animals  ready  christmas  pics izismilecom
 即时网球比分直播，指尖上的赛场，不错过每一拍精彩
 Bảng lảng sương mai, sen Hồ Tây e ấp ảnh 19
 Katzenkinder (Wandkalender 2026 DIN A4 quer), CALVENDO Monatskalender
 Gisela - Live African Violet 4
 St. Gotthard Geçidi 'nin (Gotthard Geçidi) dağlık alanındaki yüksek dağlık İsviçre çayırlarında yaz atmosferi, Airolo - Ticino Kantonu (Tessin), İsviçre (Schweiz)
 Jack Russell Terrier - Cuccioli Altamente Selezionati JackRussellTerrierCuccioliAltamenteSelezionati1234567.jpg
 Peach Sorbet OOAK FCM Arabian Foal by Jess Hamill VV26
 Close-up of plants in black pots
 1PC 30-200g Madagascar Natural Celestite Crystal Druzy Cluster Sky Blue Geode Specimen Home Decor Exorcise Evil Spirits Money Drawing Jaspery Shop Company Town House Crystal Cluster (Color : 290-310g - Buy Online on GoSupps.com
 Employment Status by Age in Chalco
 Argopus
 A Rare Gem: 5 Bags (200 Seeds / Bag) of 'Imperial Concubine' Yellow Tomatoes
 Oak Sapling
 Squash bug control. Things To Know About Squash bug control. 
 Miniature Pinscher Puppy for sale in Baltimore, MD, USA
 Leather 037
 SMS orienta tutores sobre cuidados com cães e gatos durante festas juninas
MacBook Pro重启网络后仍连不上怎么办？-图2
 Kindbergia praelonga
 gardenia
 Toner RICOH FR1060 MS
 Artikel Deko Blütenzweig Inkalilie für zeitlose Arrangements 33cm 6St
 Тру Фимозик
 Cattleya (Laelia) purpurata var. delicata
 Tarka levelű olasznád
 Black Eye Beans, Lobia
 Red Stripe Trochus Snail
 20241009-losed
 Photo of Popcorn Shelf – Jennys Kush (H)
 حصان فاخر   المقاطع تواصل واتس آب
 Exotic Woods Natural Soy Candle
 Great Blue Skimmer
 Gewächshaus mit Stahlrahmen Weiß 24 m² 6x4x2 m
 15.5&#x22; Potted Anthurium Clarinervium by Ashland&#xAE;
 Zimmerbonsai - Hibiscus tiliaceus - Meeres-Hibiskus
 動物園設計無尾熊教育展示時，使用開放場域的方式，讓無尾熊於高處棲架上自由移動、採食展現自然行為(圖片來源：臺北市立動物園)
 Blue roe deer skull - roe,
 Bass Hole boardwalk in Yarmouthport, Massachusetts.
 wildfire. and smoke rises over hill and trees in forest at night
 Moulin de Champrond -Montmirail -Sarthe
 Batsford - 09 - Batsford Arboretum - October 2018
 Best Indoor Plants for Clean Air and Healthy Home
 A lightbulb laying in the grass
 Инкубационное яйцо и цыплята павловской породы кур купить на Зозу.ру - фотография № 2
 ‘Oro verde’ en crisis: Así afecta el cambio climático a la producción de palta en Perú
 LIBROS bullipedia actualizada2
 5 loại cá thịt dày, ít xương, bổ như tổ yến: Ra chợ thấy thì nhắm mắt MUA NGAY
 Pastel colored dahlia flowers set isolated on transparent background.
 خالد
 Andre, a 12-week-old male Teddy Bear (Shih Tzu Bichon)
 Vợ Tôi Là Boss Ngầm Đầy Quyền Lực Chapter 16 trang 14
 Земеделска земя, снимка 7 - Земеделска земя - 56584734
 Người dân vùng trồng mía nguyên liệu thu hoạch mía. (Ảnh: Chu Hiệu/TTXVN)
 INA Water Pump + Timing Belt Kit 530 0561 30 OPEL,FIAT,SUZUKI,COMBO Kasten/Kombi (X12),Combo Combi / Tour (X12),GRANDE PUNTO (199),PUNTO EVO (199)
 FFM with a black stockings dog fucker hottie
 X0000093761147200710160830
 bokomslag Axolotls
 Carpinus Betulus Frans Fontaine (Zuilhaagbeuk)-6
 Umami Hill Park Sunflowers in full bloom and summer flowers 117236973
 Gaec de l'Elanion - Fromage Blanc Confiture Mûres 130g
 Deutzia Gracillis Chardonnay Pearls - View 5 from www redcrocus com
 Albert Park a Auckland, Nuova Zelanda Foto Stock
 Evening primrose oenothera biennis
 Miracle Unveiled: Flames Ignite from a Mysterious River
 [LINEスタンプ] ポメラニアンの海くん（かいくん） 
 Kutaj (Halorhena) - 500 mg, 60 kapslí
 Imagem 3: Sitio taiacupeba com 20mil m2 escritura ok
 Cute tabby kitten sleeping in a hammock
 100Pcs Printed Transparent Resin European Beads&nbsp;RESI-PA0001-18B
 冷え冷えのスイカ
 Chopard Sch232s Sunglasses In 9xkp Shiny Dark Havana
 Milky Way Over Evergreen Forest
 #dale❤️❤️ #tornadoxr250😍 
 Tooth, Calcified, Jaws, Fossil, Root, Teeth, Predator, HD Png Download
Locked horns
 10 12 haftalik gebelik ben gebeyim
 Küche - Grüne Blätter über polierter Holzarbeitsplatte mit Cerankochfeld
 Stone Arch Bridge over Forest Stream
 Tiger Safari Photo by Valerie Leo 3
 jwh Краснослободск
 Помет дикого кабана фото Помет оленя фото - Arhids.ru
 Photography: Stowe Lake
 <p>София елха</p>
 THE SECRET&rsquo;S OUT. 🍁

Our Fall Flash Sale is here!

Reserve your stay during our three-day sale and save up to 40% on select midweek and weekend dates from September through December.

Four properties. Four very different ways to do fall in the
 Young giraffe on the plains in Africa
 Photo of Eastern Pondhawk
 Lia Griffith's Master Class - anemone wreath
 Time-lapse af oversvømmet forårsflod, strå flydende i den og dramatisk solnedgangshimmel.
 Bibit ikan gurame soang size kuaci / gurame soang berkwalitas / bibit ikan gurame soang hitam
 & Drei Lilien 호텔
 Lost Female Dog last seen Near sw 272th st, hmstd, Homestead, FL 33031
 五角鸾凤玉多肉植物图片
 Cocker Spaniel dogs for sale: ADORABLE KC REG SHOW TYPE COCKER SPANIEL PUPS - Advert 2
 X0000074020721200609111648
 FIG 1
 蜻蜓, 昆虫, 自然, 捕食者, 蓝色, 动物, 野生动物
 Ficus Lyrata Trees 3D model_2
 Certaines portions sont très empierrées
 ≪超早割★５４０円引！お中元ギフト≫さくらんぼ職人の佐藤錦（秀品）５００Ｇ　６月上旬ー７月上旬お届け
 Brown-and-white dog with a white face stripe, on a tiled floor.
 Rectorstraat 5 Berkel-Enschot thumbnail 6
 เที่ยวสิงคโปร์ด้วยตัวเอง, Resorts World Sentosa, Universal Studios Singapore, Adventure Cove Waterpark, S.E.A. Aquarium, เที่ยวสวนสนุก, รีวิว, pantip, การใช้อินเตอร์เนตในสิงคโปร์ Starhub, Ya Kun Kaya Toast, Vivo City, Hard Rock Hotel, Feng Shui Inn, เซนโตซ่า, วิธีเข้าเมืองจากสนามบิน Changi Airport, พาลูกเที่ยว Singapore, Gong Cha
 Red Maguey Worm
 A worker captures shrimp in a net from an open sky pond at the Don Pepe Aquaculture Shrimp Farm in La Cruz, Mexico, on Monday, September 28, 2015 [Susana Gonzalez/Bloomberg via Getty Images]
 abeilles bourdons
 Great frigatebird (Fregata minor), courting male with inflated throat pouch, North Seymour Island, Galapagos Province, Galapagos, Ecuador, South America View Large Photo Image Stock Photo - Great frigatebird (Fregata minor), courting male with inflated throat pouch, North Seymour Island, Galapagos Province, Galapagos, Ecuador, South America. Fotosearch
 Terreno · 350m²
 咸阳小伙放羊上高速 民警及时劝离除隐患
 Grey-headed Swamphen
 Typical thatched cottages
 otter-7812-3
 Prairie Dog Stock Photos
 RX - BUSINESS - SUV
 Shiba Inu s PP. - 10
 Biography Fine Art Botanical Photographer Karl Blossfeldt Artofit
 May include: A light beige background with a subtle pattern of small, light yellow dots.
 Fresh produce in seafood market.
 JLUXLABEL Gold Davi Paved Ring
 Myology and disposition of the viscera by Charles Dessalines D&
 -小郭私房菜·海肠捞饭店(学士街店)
________________
TASK BRIEF:
Tell me how many lines in the data include "with", giving only the number.

RESULT:
4